Items listed in a dataset:
----------
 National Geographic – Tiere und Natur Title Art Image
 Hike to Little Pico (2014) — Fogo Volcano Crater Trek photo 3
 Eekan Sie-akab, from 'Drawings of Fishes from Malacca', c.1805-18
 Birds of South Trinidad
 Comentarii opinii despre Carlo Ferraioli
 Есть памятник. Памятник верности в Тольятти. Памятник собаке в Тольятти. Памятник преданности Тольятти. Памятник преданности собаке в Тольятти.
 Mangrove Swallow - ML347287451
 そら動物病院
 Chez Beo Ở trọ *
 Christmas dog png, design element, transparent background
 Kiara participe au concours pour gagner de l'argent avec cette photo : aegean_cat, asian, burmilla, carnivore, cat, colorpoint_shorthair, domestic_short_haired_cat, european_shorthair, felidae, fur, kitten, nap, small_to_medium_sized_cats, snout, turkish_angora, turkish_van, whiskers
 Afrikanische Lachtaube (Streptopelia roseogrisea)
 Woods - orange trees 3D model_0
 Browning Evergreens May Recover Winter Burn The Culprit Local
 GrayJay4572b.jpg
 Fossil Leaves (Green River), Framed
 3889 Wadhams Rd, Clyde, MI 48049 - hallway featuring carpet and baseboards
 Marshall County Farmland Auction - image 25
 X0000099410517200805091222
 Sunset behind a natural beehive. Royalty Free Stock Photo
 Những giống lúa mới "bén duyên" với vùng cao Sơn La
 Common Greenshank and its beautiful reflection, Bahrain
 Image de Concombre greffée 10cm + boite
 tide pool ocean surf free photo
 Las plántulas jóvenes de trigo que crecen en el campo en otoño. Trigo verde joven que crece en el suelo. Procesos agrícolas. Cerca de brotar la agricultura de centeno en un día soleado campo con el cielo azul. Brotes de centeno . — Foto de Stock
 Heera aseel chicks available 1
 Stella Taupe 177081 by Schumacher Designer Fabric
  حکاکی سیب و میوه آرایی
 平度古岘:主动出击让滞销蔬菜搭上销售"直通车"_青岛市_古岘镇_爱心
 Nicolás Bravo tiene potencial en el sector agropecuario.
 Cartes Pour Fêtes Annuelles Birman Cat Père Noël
----------
Wherever a line in the data above contains the word "Stock", copy that line.

 Sunset behind a natural beehive. Royalty Free Stock Photo
 Las plántulas jóvenes de trigo que crecen en el campo en otoño. Trigo verde joven que crece en el suelo. Procesos agrícolas. Cerca de brotar la agricultura de centeno en un día soleado campo con el cielo azul. Brotes de centeno . — Foto de Stock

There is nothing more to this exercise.